Y así hizo. Había terminado el partido que jugaba River contra Estudiantes de La Plata. Salió con el pelo mojado y vio que su hijo Oscarcito se quedaba pateando unos goles con un amigo en la vereda.

En las primeras declaraciones, Cali contó que se desvío del trayecto hacia la parada de colectivo para “fumarse un porrito con sus amigos” en la esquina donde suelen “parar”, a dos cuadras de su casa. Era una noche cálida de noviembre.

Ahí estaba cuando escuchó que se acercaba un auto “trucho”, perseguido por una patrulla del comando municipal de San Martín. Corrió en dirección a la casa porque pensó que su hijo jugaba a la pelota en la puerta. Se tropezó en el pasillo por donde se escabullían los chicos que se bajaron del auto robado: en ese instante una agente mujer se le tiró encima y lo trabó con la rodilla en la espalda.

– ¿No ves que tengo el pelo mojado? – le dijo a la oficial.

Intentaba explicar que venía de su casa, que no tenía nada que ver con los adolescentes que se bajaron del auto. Era imposible que las figuras menuditas de los chicos fueran confundidos con Cali, un muchacho de 30 años, alto y de espalda ancha.

Uno de los chicos perseguidos fue asesinado por la policía en una villa cercana de Vicente López meses después.

*

Luego de que les robaran el auto rojo, la mujer que conducía, su hijo y un amigo de él fueron a la comisaría a hacer la denuncia. Allí estaban cuando la oficial que traía a Cali lo bajó esposado y lo paseó delante de ellos.

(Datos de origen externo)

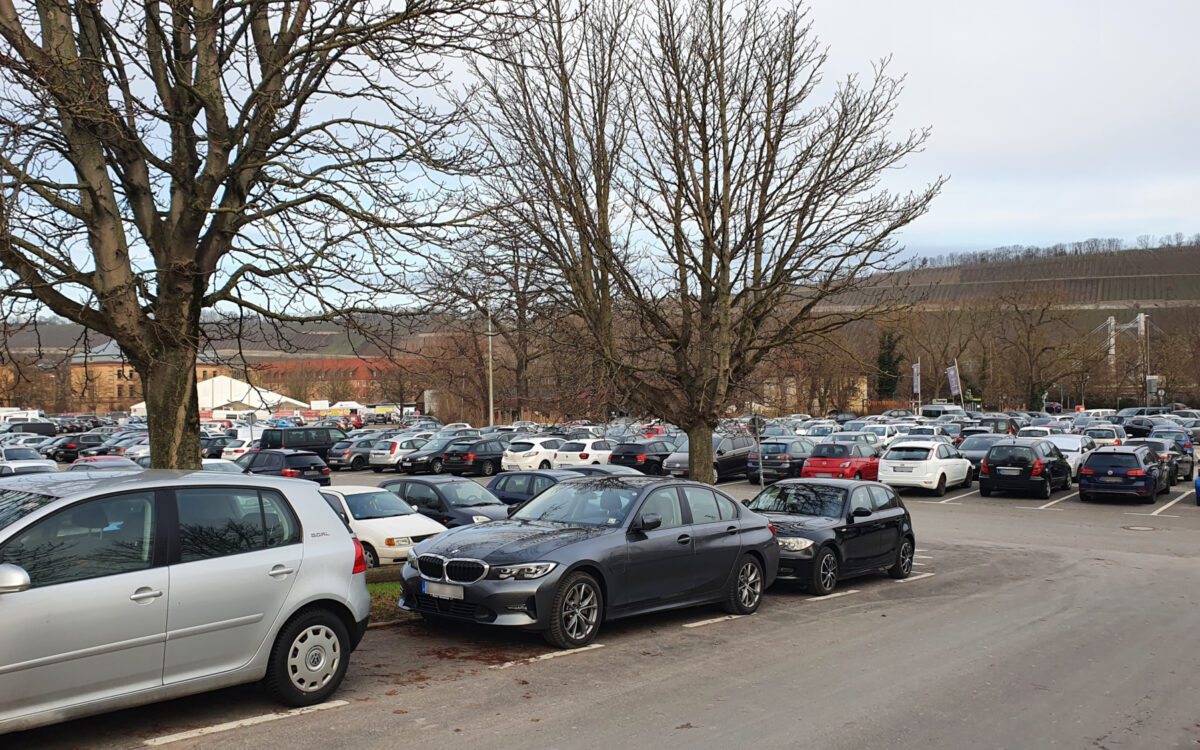 Talavera Parkplatz Autos Bild 1 Talavera Parkplatz Autos Bild 1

Ella misma lo admitió en el juicio del lunes pasado en el TOC 3 de San Martín: el fiscal Carlos Pedro Insaurralde retiró la acusación y obligó a que el Tribunal definiera que el procesado debía quedar en libertad antes de las 12 de esa misma noche.

Cali esperó ese día durante dos años, después de estar preso sin motivo. Tuvo momentos de depresión, su hijo Oscarcito padeció mucho su distancia. Escuchó desde el banquillo a sus vecinos y amigos que no veía hacía mucho, se secó las lágrimas con la manga de la remera. El carnicero que le vendió el pollo se ganó las risas con un detalle: “No me lo pagó”. Otro de los chicos también quiso reforzar su verdad con un dato omitible: “Estábamos fumando un porro”. El almacenero de al lado, la kiosquera de la vuelta, los vecinos del pasillo. Todos hablaron.

Una victoria colectiva

El peluquero se acercó a un grupo de familiares y víctimas de Violencia Institucional que se reúne en la Cooperativa Esperanza. Se encontró con una vecina de su cuadra, Cristina Almeida, mamá de Matías y David Monzón, una luchadora reconocida. Ahí convenció al Centro de Estudios Legales y Sociales (CELS) y la Campaña Nacional contra la Violencia Institucional, que acompañaron a la familia en el juicio. Entrevistaron a Cali, a los familiares y los testigos para ayudar a que trabajaran sobre sus expectativas con el juicio, a que encontraran la forma para ser lo más claros posibles en los relatos. No había prueba científica: la víctima del robo se llevó el auto sin que nadie tomara las huellas digitales en su interior. Toda la defensa se basaba en los testimonios.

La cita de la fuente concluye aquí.